A través de un contacto en Lockheed Skunk Works,―los fabricantes del SR-71 Blackbird –un cazabombardero 'curvaceo' hecho de titanio en un 85 por ciento–―se enteró de que el precio de este metal estaba por los suelos: la URSS, el mayor productor mundial de titanio, había colapsado en 1991 y la demanda militar soviética había desaparecido. Las fábricas estatales inundaron el mercado con toneladas de titanio de alta pureza a precios de saldo. Las sanciones occidentales para comprar titanio soviético habían desaparecido y el precio se había desplomado respecto a los picos de la Guerra Fría. Frank tenía bien ensayado este movimiento: contactar con los fabricantes e intentar seducirlos con un proyecto artístico. Lo había hecho ya con los fabricantes de cartón ondulado, chapa corrugada y malla metálica, aunque no siempre le había salido bien. Siempre contaba que los productores de malla metálica le habían mandado a paseo diciéndole que vendían más material del que podían fabricar y no necesitaban ideas geniales para abrir mercado. Con oportunismo de surfero contactó con los proveedores y logró fabricar la envolvente con láminas de menos de medio milímetro de espesor que no necesitaban preformado para ajustarse a las geometrías del proyecto. No exagero cuando digo que el Guggenheim solo se pudo hacer gracias al colapso de la URSS y el fin de la Guerra Fría. Esa si que era una ola…

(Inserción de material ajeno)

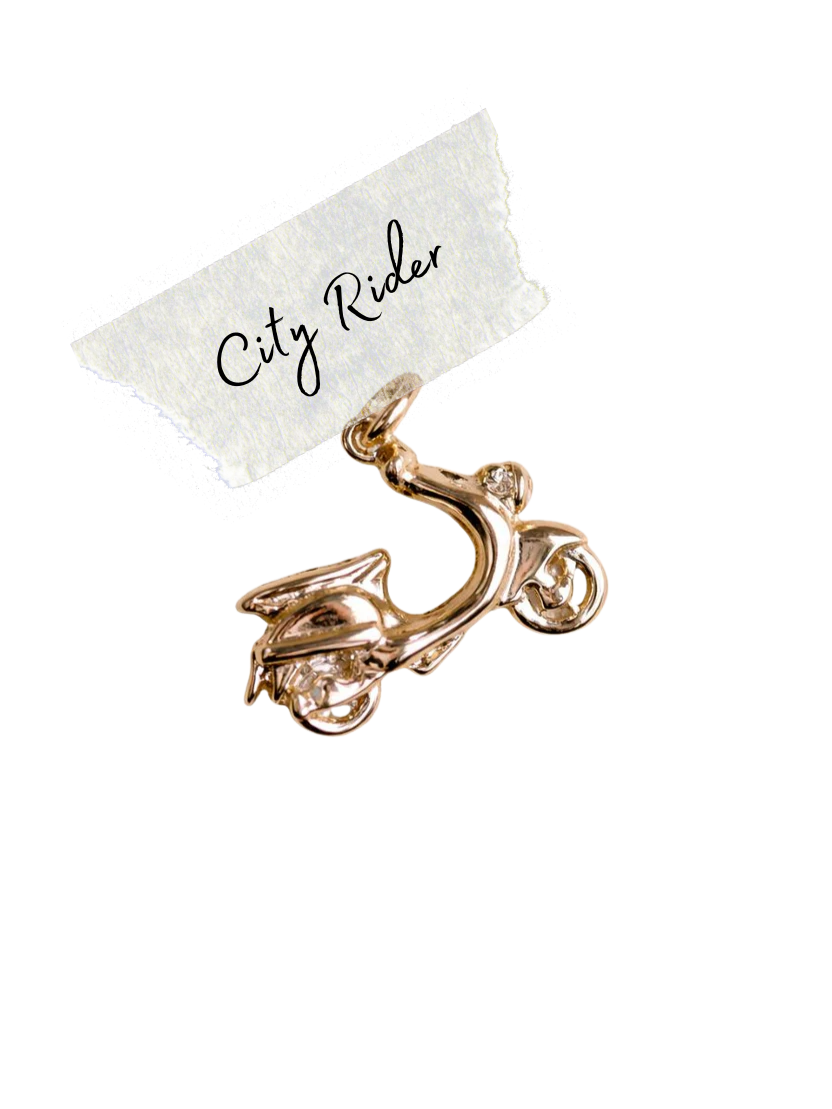 City Rider Charm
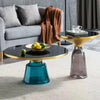 Classic Design Sebastian Herkner Round Glass Tea Side Table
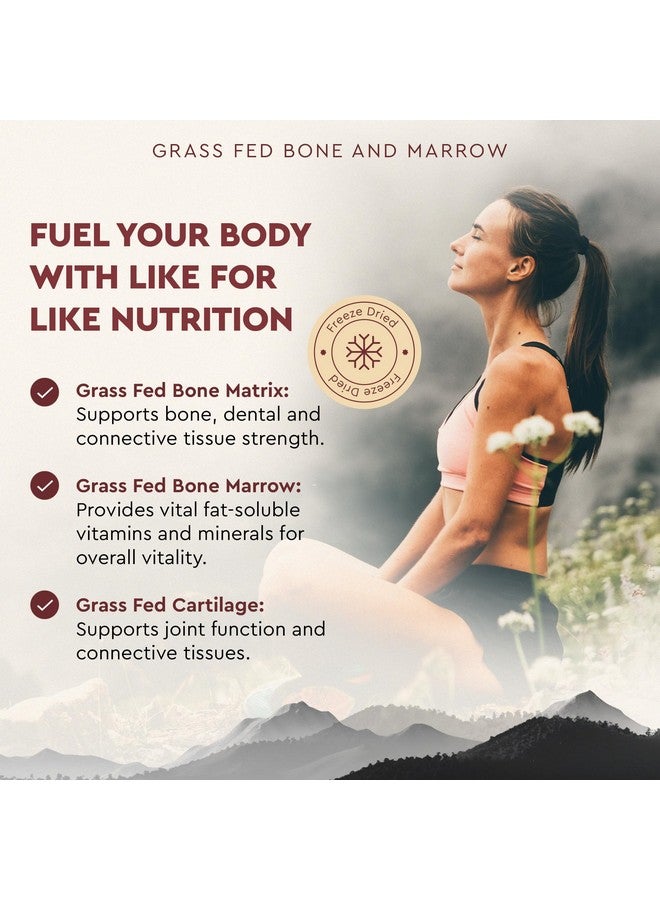 Ancestral Supplements Grass Fed Beef Bone and Marrow Supplement, 3000mg, Skin, Oral Health, and Joint Support Supplement, Promotes Whole-Body Wellness, Non GMO Whole Bone Extract, 180 Capsules - Image 4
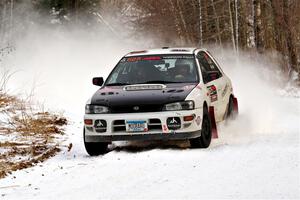 Aidan Hicks / John Hicks Subaru Impreza Wagon on SS2, Nemadji Trail West I.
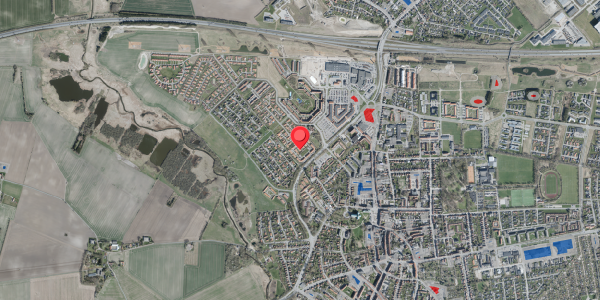 Jordforureningskort på Bispegården 13, 4100 Ringsted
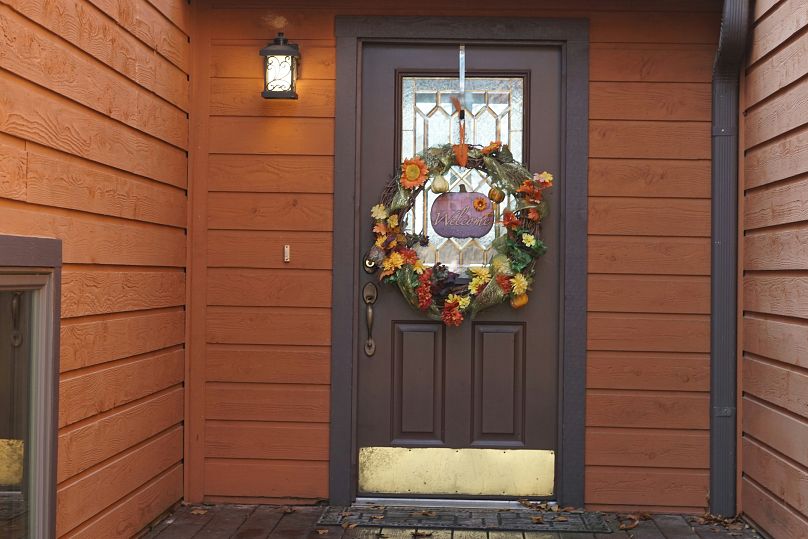 Autumn-themed doorscapes have become popular, which see users upgrade their entranceways with seasonal decorations. 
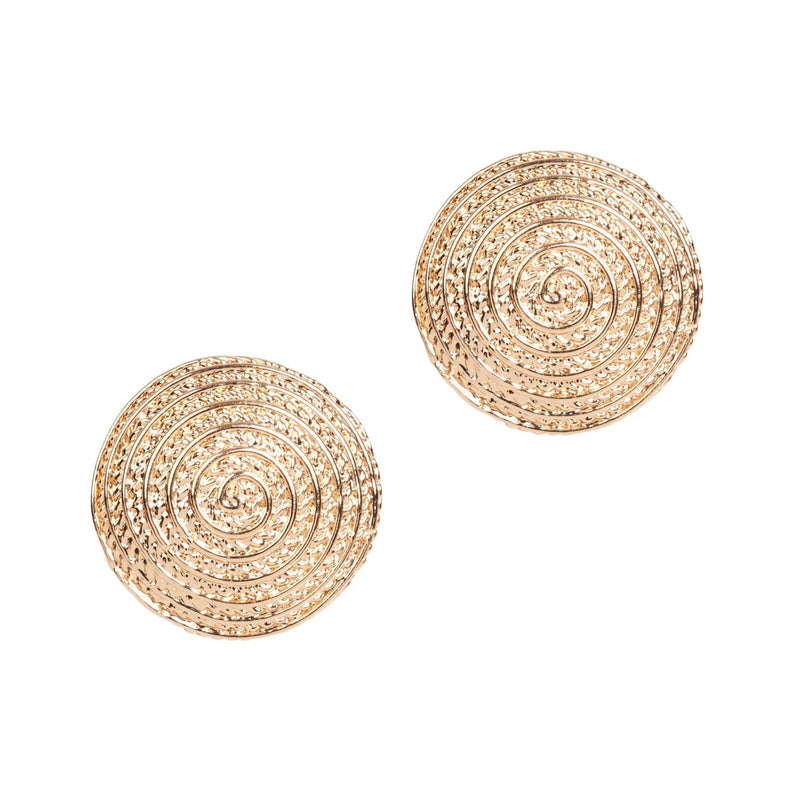 Earring Aman Round - Gold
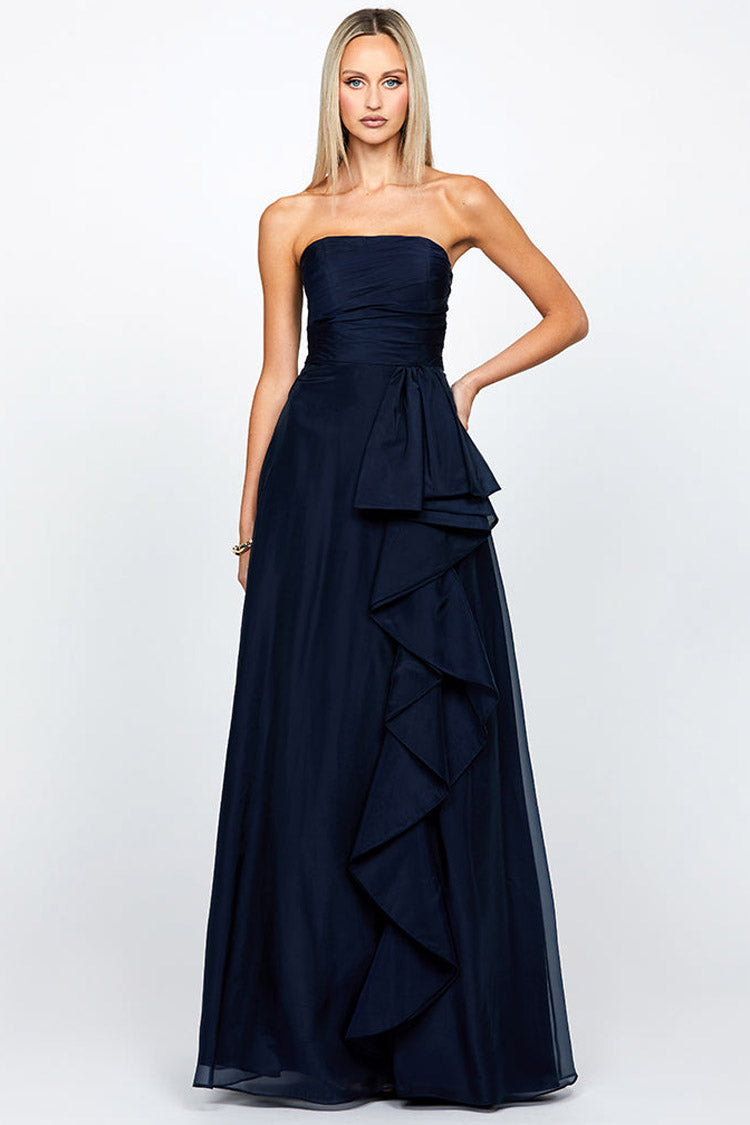 Blaire Strapless Cascading Ruffle Gown | FINAL SALE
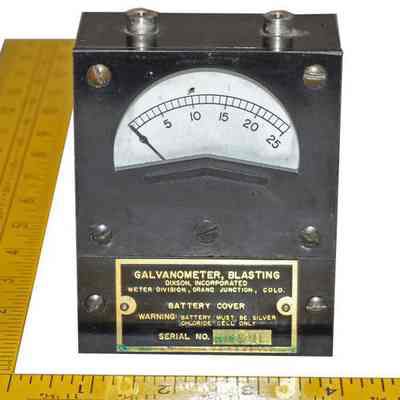 Galvanometer-Blasting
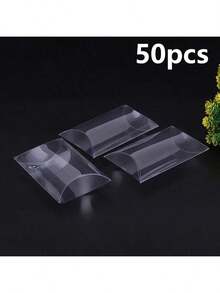 50 hộp quà hình gối trong suốt, hộp đựng kẹo hình khối lập phương, thích hợp cho đám cưới, tiệc tùng, đóng gói quà kẹo, hộp quà đồ ăn nhẹ, hộp quà sinh nhật. - Xem 7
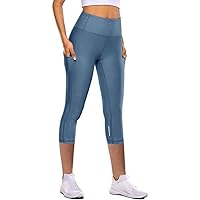 SNKSDGM Womens Yoga Pant Women Workout Out Pocket Leggings Fitness Sports Running Yoga Athletic Pants Fleece Lined Yoga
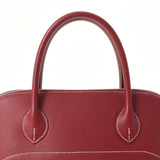 HERMES エルメス ボリード リラックス 35 ルージュアッシュ シルバー金具 T刻印(2015年頃) レディース トリヨンノビーヨ ハンドバッグ Aランク 中古 銀蔵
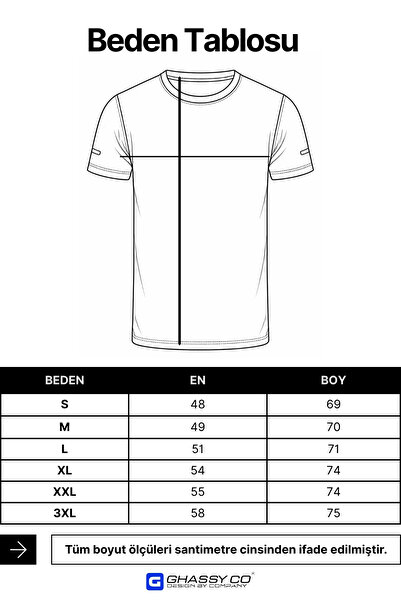 GHASSY CO Erkek Nem Emici Hızlı Kuruma Atletik Teknik Performans Spor T-shirt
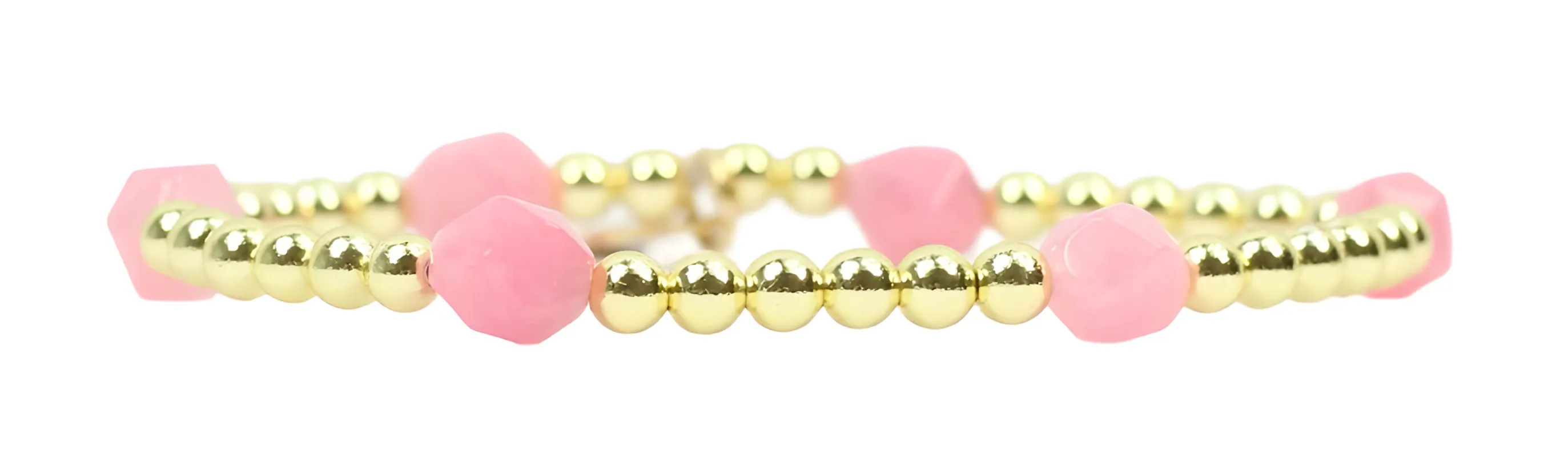 Lexi Stacker Bracelet - Strawberry Pink sold by Bourbon and Bowties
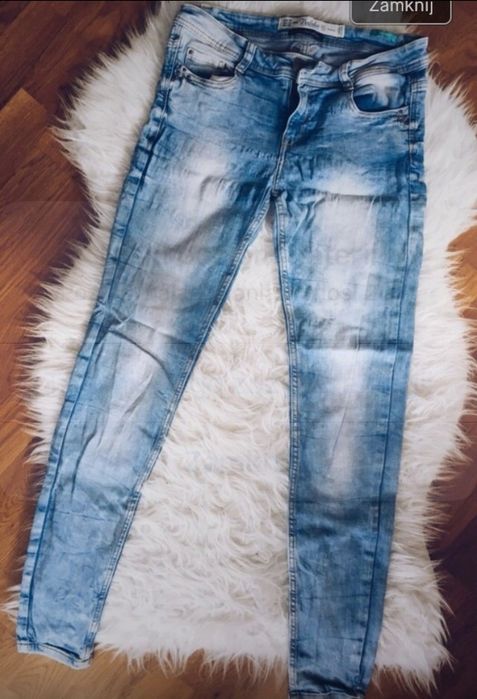Jeansy rurki skinny jeans Zara 36 S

Supongo que con la guerra de Ucrania de fondo, y la nueva geopolítica de la ley del más fuerte que queda reflejada en el plan de seguridad de Trump, el precio del titanio volverá a estar por las nubes. La carrera armamentística que se avecina va a dirigir los excedentes que se gastaban en hacer edificios como el Guggenheim a comprar misiles y bombas. Seguridad militar en vez de riesgo arquitectónico. La espuma final de las olas de Gehry no me apena por él, que pudo cabalgarlas a gusto y hacer maravillas con ellas. Me da pena por los que nos quedamos en esta miserable playa post-global en la que campan a sus anchas los dictadores y los criminales de guerra. La muerte de Gehry el mismo día en el que se publicó el documento que terminó con la alianza trasatlántica es un signo ominoso del final de una era llena de nobles ambiciones y del comienzo de otra llena de molduras doradas de dos dólares la unidad.